Jim Smart
March 1, 2009

Ford's Top Loader four-speed transmission got its reputation for solid reliability from time-proven performance under some of the most grueling conditions imaginable. Born in Detroit and groomed in racing venues worldwide, the Top Loader continues to witness widespread use 45 years after its introduction with virtually no end in sight. NASCAR racers like the Top Loader for its rugged demeanor. When you combine the Top Loader with Ford's indestructible 9-inch removable carrier rearend, it's an unbeatable driveline in anyone's league. Our focus here is the Top Loader and how you can make it better.

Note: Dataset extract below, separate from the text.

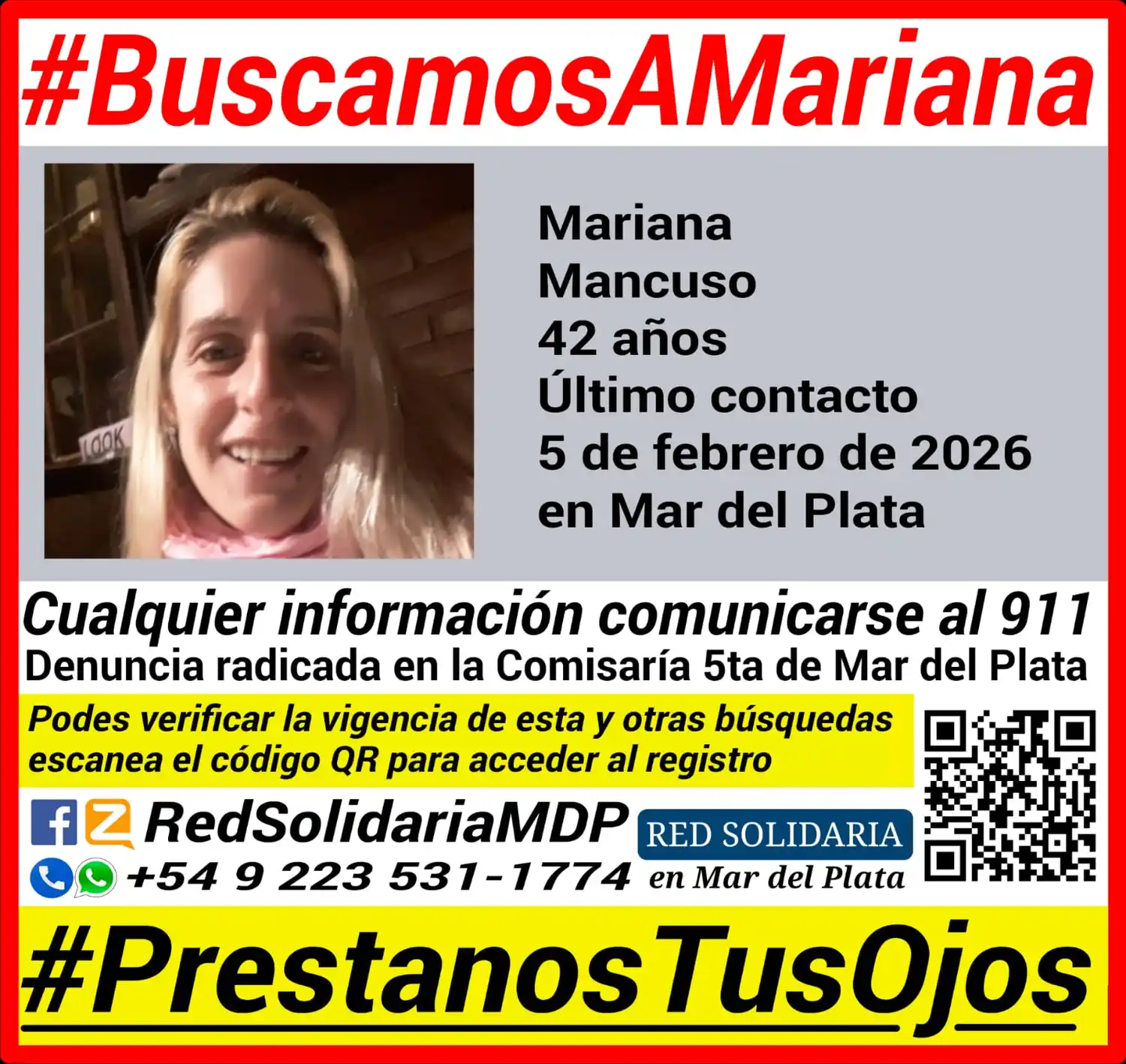 Se fue a la cancha el sábado y no regresó: desesperada búsqueda de una mujer en Mar del Plata - Image 2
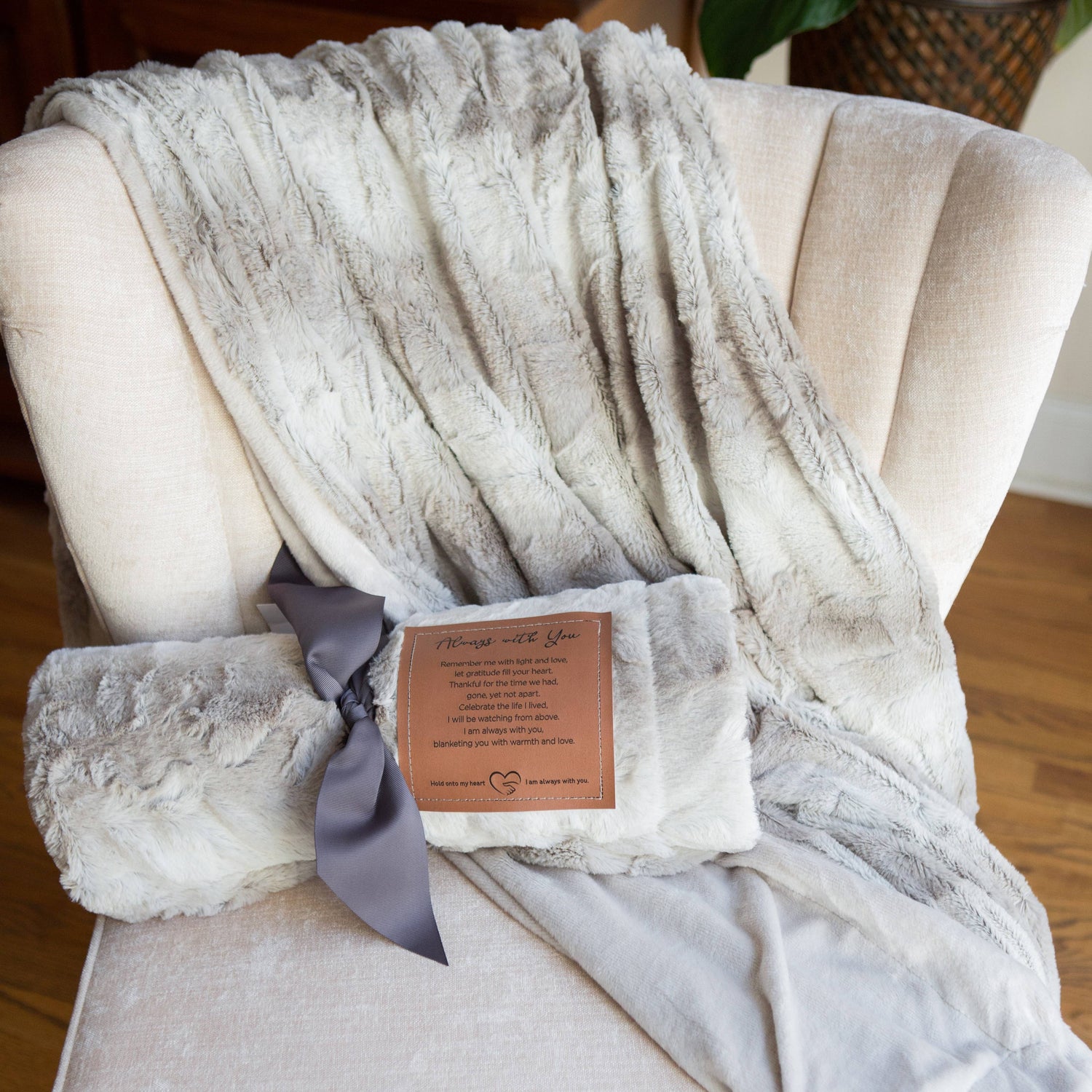 Softly Said Sympathy Blanket: Always With You Sentiment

Ford debuted the Top Loader four-speed in 1964 as a replacement for the Borg-Warner T-10. The Top Loader was designed by Ford as a fully synchronized four-speed conceived to stand up to just about anything racers could throw at it. It didn't become a Mustang mainstay until the latter part of 1965 behind the 289 High Performance V-8. The T-10 was phased out during 1966.

Ford's Top Loader four-speed transmission gets its name from its "top-loading" design where parts go in through the top instead of the side like we see with the Borg-Warner T-10, Muncie M21/M22 (used by GM), and Chrysler four-speed. Ford's four-speed is the most rugged gearbox in the world thanks to this top-loading design. By the way, the 3.03 three-speed is nothing more than a three-speed Top Loader, with the same rugged architecture and dependable operation.

Although the Top Loader was used in a variety of Fords and Mercurys, Mustangs employed an easy-to-understand lineup. Mustangs were equipped with the 26-inch-long Top Loader with a shifter boss located at the end of a 14-inch tailshaft housing. The most common Mustang Top Loader has a 10-spline, 1 1/16-inch input shaft, as used in small-block and 390ci FE big-block Mustangs. It was available with both wide- and close-ratios. More powerful big-block applications, such as the 428, got wide-ratio Top Loaders with a 10-spline, 1 3/8-inch input shaft. The size of the input shaft is one of the quickest ways to identify a Top Loader before getting down to more specific identification.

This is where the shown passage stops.